**Data to process:**
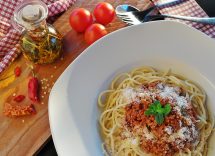 spaghetti al sugo di pomodoro fresco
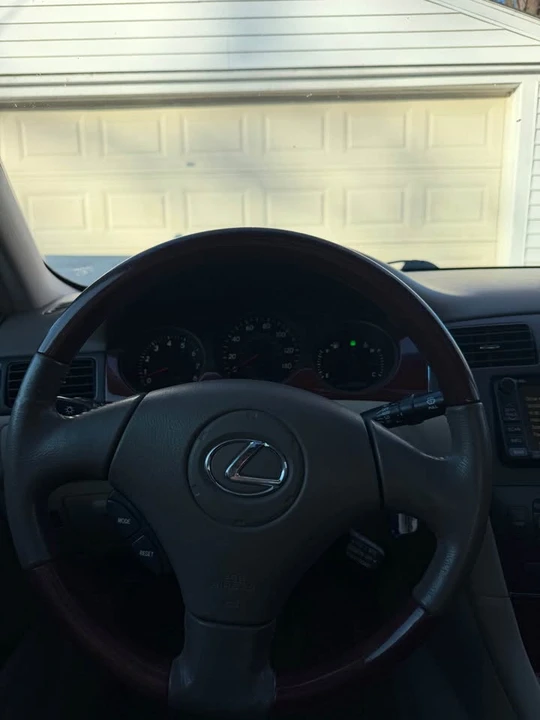 2002 Lexus ES 4th Gen - Image 5 of 7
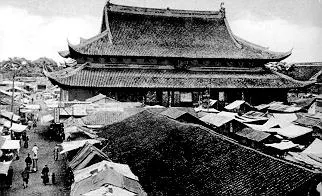苏州图书馆所藏1905年左右玄妙观三清殿与殿前市集旧影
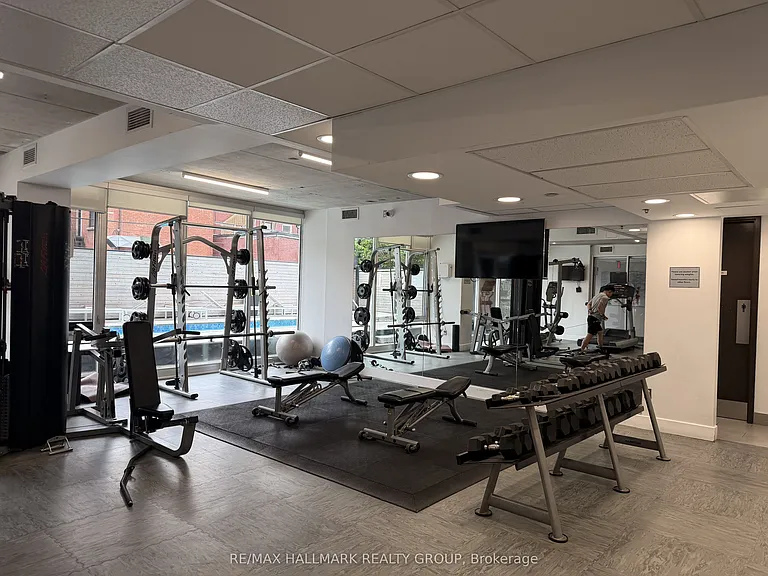 300 Lisgar St #503 — Photo 28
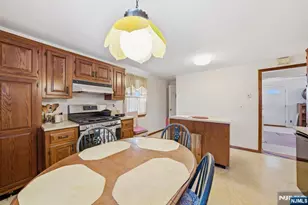 110 New York Ave, Bergenfield, NJ 07621 - Photo 9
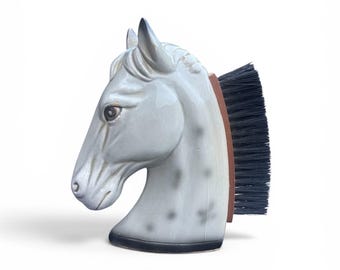 Cepillo de ropa vintage con forma de cabeza de caballo gris / Cepillo de tocador ecuestre / Decoración ecuestre de mediados de siglo / Regalo para amantes de los caballos / Cepillo decorativo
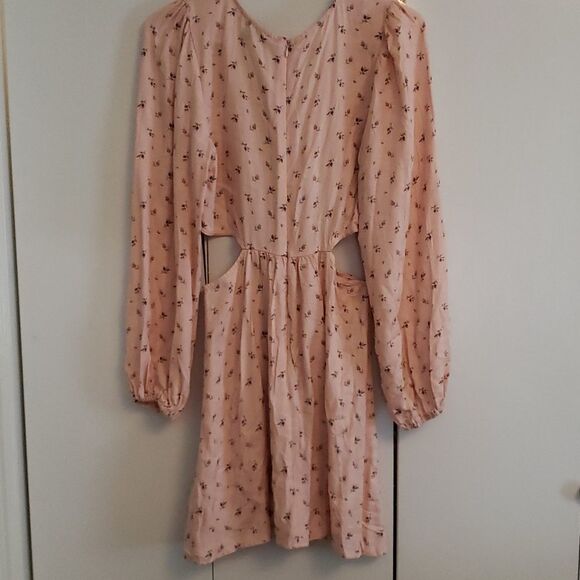Forever 21 Floral Cut Out Dress - Picture 6 of 6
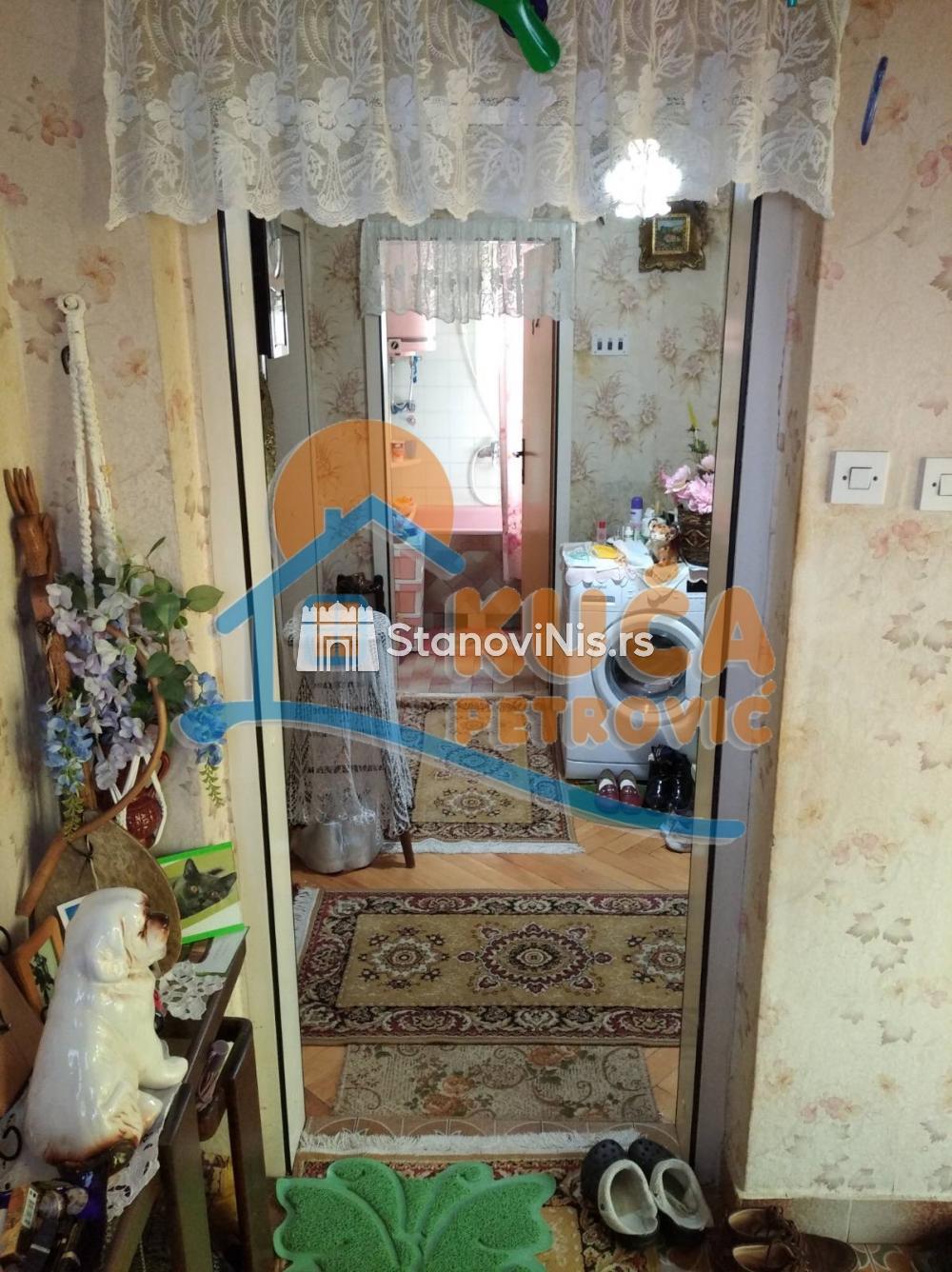 Slika 2 - Stan u zgradi, oglas ID p-06899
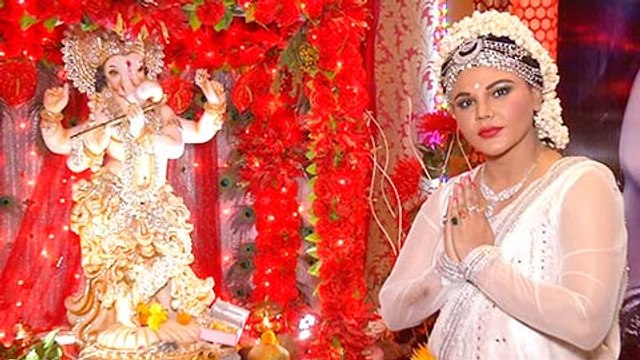 Rakhi Sawant Ganpati Celebration | Funny Dance Video | Ganesh Chaturthi 2016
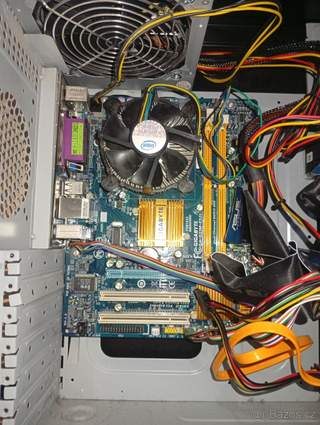 Základní deska gigabyte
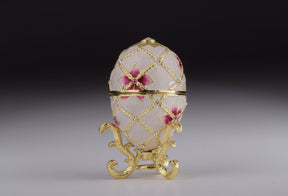 Weißes Ei mit Blumen und Harfe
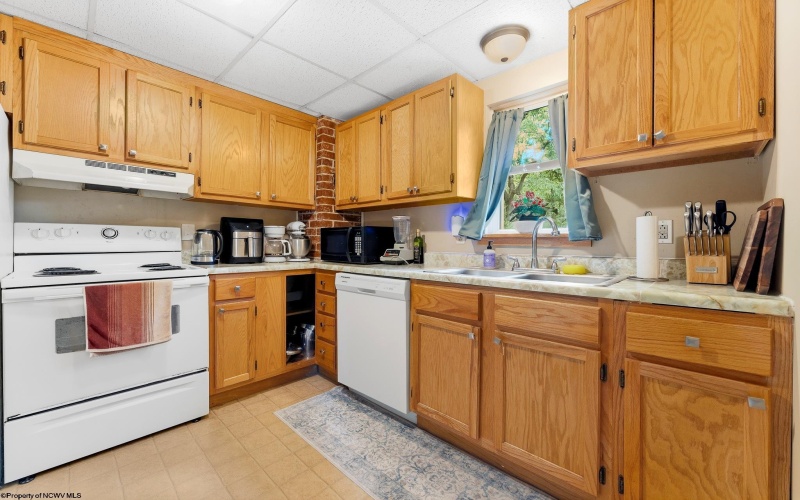 150 Wellen Avenue, Morgantown, West Virginia 26505, ,Multi-unit/income,For Sale,Wellen,10164903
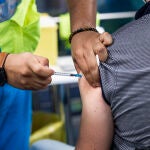 Un sanitario administra una dosis de la vacuna a un hombre en Madrid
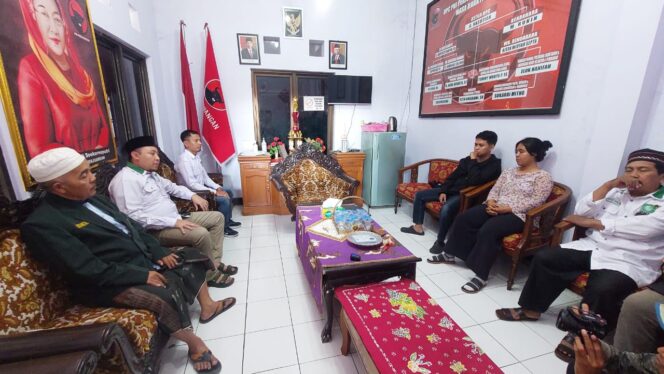
					KLARIFIKASI: Rombongan DPC PKB Kota Probolinggo saat berkunjung di kantor DPC PDI Perjuangan. (foto: Hafiz Rozani).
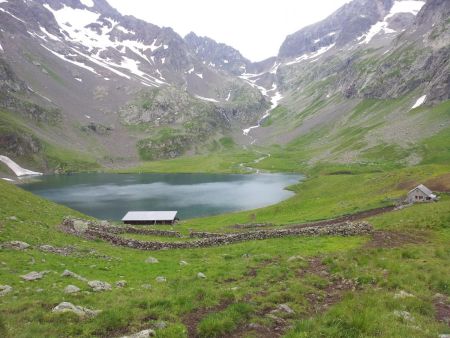 Le lac de la Muzelle et son refuge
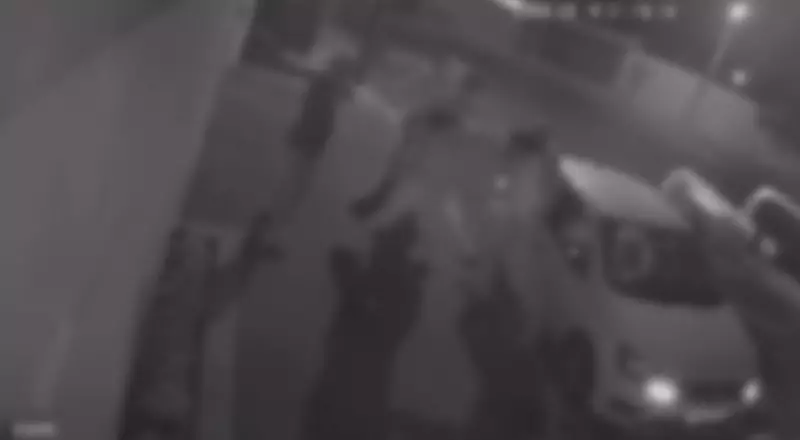 Universitário é agredido por grupo em frente à república em Jaboticabal: veja o vídeo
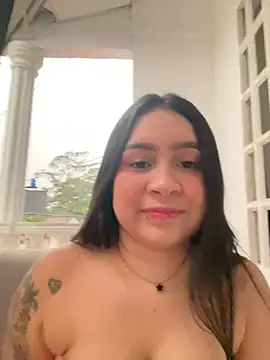 Pretty Isadora online show from 01.25.25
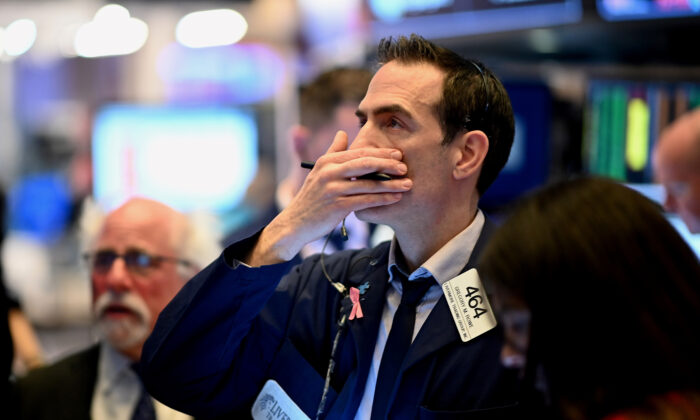 2020年3月16日，交易員在紐約證券交易所（NYSE）的開盤鐘聲中工作。（Johannes Eisele/AFP via Getty Images）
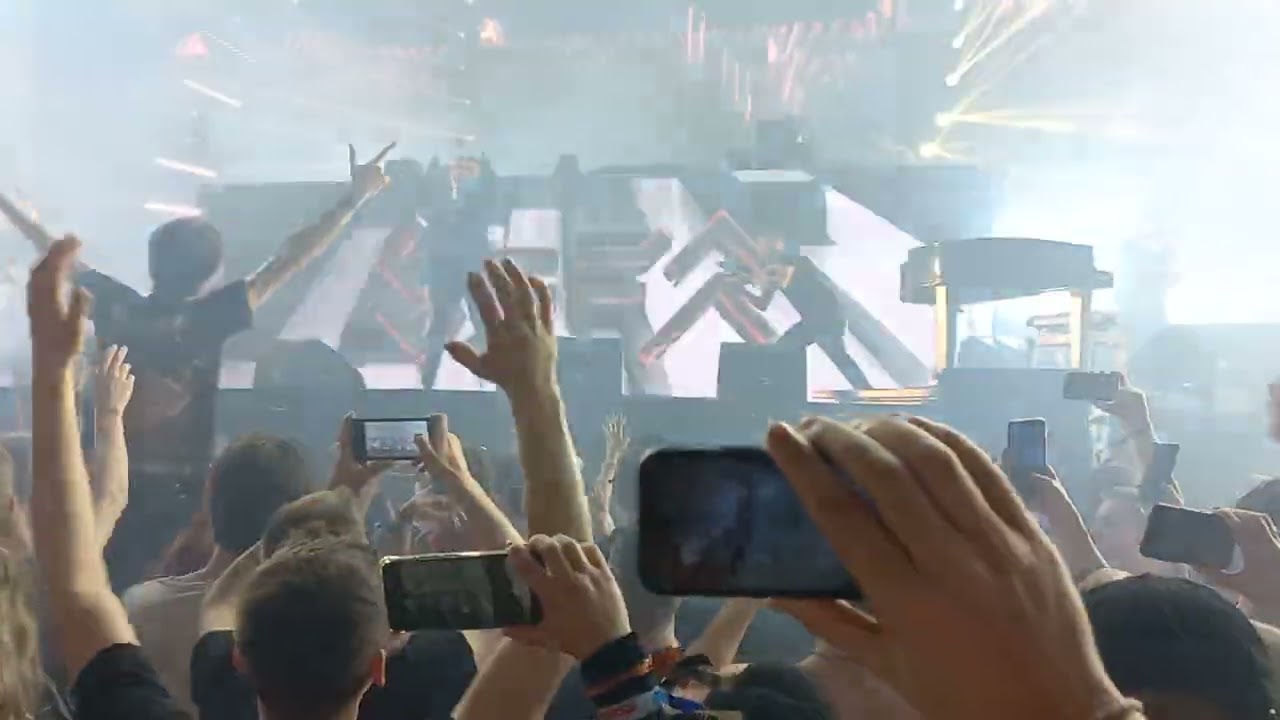 Sefa - Piano playing Frenchcore worldwide - @Reverze 2022 time will tell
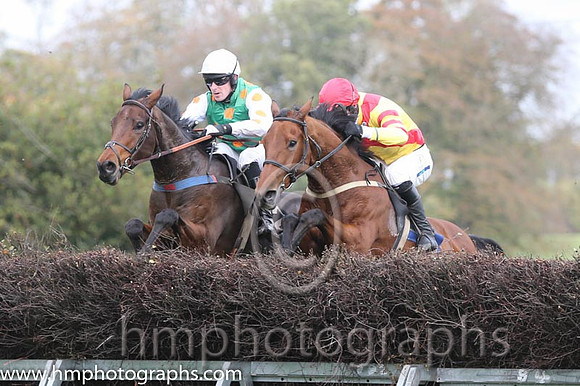 01 Mr Mountain and B O'Neill - - 01st (2 ,emerald green, orange spots ) Trainer - Donnchadh Doyle  03 Mattara and Derek O'Connor - - 03rd (7 ,yellow, red cross belts ) Trainer - Derek Pugh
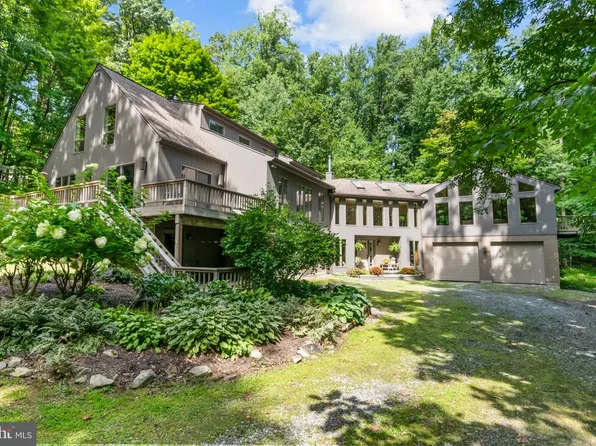 515 Kulps Rd, Barto, PA 19504
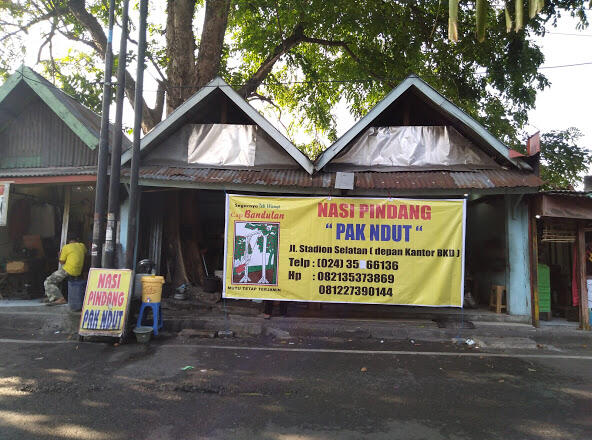 Nasi Pindang Pak Ndut, Kuliner Khas Semarang yang Melegenda.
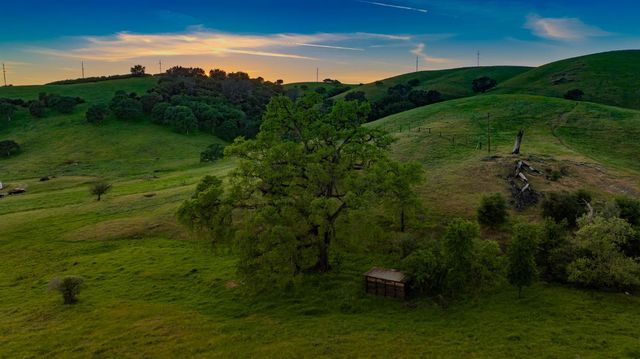 15205 Bunker Hill Rd, Amador City, CA 95601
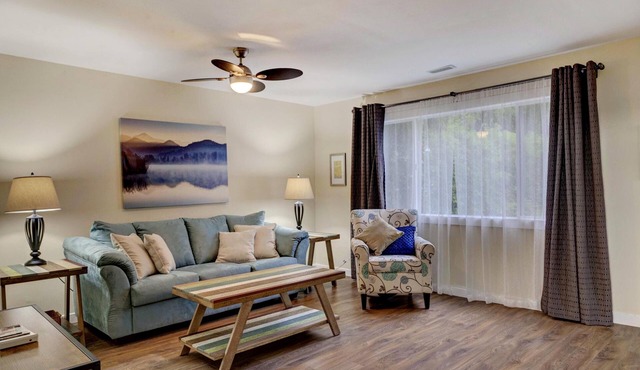 Walking Distance to Mara Lake, 1 Bedroom, Sleeps 2, 1 Bath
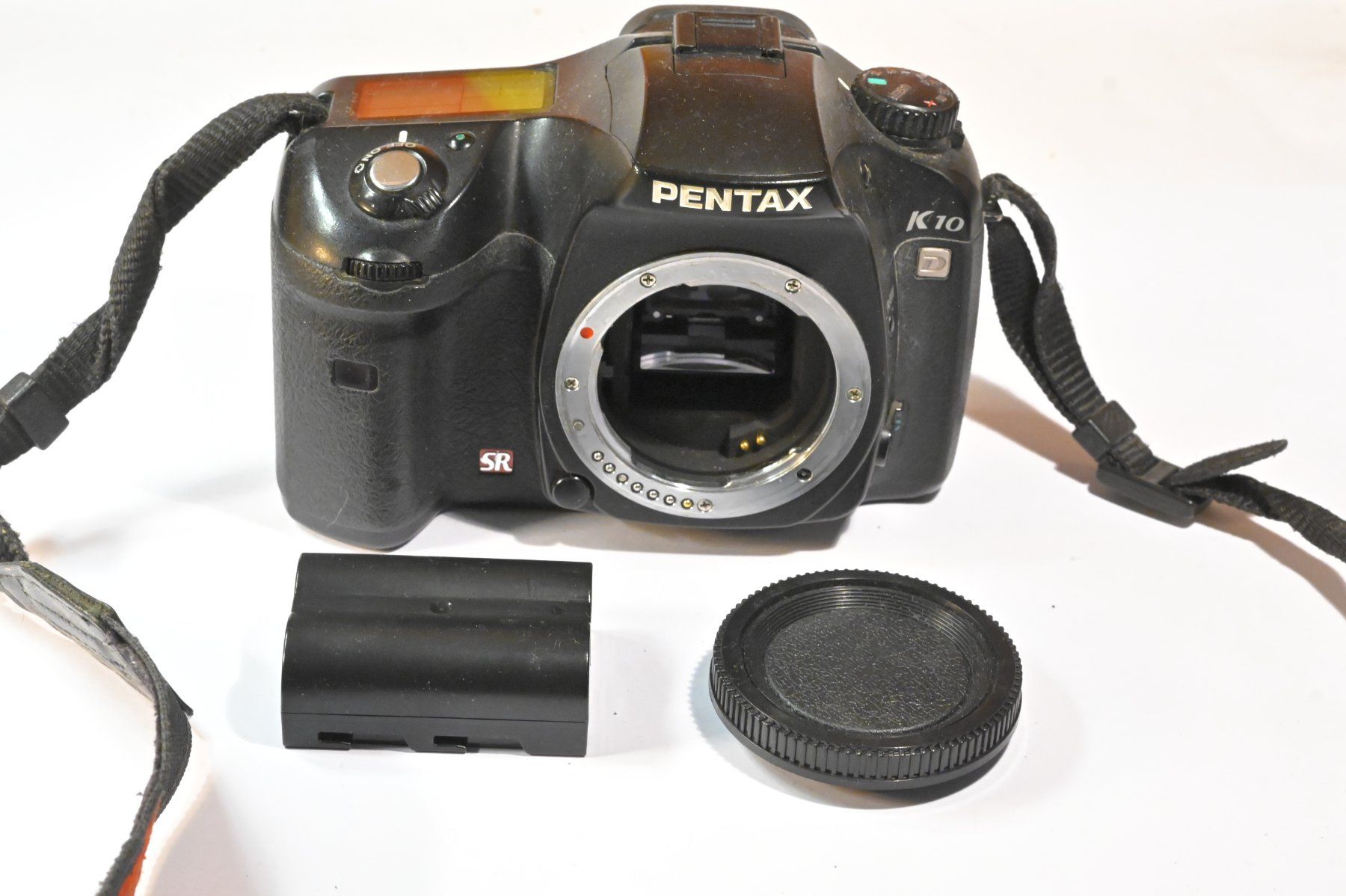 Pentax Fotocamera: Pentax K10D - Spiegelreflexkamera  defekt – Difettoso da Erlinsbach venduto da foto_5018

**Task description:** Each record above is to be copied exactly. Drop the pictures.

**Solution to this problem:**
 spaghetti al sugo di pomodoro fresco
 2002 Lexus ES 4th Gen - Image 5 of 7
苏州图书馆所藏1905年左右玄妙观三清殿与殿前市集旧影
 300 Lisgar St #503 — Photo 28
 110 New York Ave, Bergenfield, NJ 07621 - Photo 9
 Cepillo de ropa vintage con forma de cabeza de caballo gris / Cepillo de tocador ecuestre / Decoración ecuestre de mediados de siglo / Regalo para amantes de los caballos / Cepillo decorativo
Forever 21 Floral Cut Out Dress - Picture 6 of 6
 Slika 2 - Stan u zgradi, oglas ID p-06899
 Rakhi Sawant Ganpati Celebration | Funny Dance Video | Ganesh Chaturthi 2016
 Základní deska gigabyte
 Weißes Ei mit Blumen und Harfe
 150 Wellen Avenue, Morgantown, West Virginia 26505, ,Multi-unit/income,For Sale,Wellen,10164903
 Un sanitario administra una dosis de la vacuna a un hombre en Madrid
					KLARIFIKASI: Rombongan DPC PKB Kota Probolinggo saat berkunjung di kantor DPC PDI Perjuangan. (foto: Hafiz Rozani).
 Le lac de la Muzelle et son refuge
 Universitário é agredido por grupo em frente à república em Jaboticabal: veja o vídeo
 Pretty Isadora online show from 01.25.25
 2020年3月16日，交易員在紐約證券交易所（NYSE）的開盤鐘聲中工作。（Johannes Eisele/AFP via Getty Images）
 Sefa - Piano playing Frenchcore worldwide - @Reverze 2022 time will tell
 01 Mr Mountain and B O'Neill - - 01st (2 ,emerald green, orange spots ) Trainer - Donnchadh Doyle  03 Mattara and Derek O'Connor - - 03rd (7 ,yellow, red cross belts ) Trainer - Derek Pugh
 515 Kulps Rd, Barto, PA 19504
 Nasi Pindang Pak Ndut, Kuliner Khas Semarang yang Melegenda.
 15205 Bunker Hill Rd, Amador City, CA 95601
 Walking Distance to Mara Lake, 1 Bedroom, Sleeps 2, 1 Bath
 Pentax Fotocamera: Pentax K10D - Spiegelreflexkamera  defekt – Difettoso da Erlinsbach venduto da foto_5018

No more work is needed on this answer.